Musical hot spot is an improv warm up game, which used to to also be performed on stage an iO in Chicago. The version we use in Australia a botched version of the original, which supposedly gets you in the moment, out of your head and in a good happy mood. The problem is that not only doesn’t it work, but it can also have a negative affect and actually get people into their heads.

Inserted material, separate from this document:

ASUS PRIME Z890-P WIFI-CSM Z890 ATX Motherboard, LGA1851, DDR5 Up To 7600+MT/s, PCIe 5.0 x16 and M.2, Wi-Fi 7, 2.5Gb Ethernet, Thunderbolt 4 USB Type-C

The game starts with everyone in a circle. Either a word suggestion is given as an offer, or someone just thinks of a song, but one person then jumps into the middle and starts singing and dancing to a song. Everyone in the circle then sings and dances along. If you don’t know the song, you still commit to singing and dancing by either copying or doing your own thing, but the point is to support the person in the middle. When anyone in the circle is reminded of a different song by one of the words being already sung, then they jump into the middle singing and dancing to the new song. The previous person in the middle rejoins the circle and the circle now sings and dances along with the new person in the middle. And so on ad infinitum, or often ad tedium. There’s also a bunch of other notes given about supporting the person in the middle etc but basically that’s the game.
I remember being in a musical hot spot many years ago which was like an audition for Whitney Houston, Celine Dion, and Bette Midler impersonators. I didn’t know most of the songs, and I hated the ones I did. In fact I thought we’d invented punk so we didn’t have to listen to crap like that. It was not a fun warm up, in fact I hated it, especially since I had to spend the whole game pretending that I was enjoying myself, and it just served to make me even more pissed off and in my head.
The problem is that the game assumes that everyone likes all styles of music, particularly pop music. Don’t get me wrong, I love music, in fact my passion for music usually exceeds most people I’ve improvised with, and the styles of music I like are definitely more wide and varied than most people. It’s just that the songs chosen in musical hot spot are usually popular crap that reflect the average age group and interests of those playing the game, regardless whether anyone likes or even knows them.
Of course people can always jump in the middle and sing a song they do know and like, and I guess it encourages prople to keep jumping into the middle. But what generally happens then is that the people who picked all the crappy pop songs then rarely support the obscure ones because they’re not use to doing so, and the person with the exception can end up being externalised from the group because they don’t seem to be working with the group’s choices.
The Australian version of Musical hot spot is a bad improv warm up game. It assumes people have a certain popular and mundane musical taste, rewarding those who do, and punishing those who don’t. You can’t fake being in the moment, and there is no place in improv for warm up games which encourage you to do so.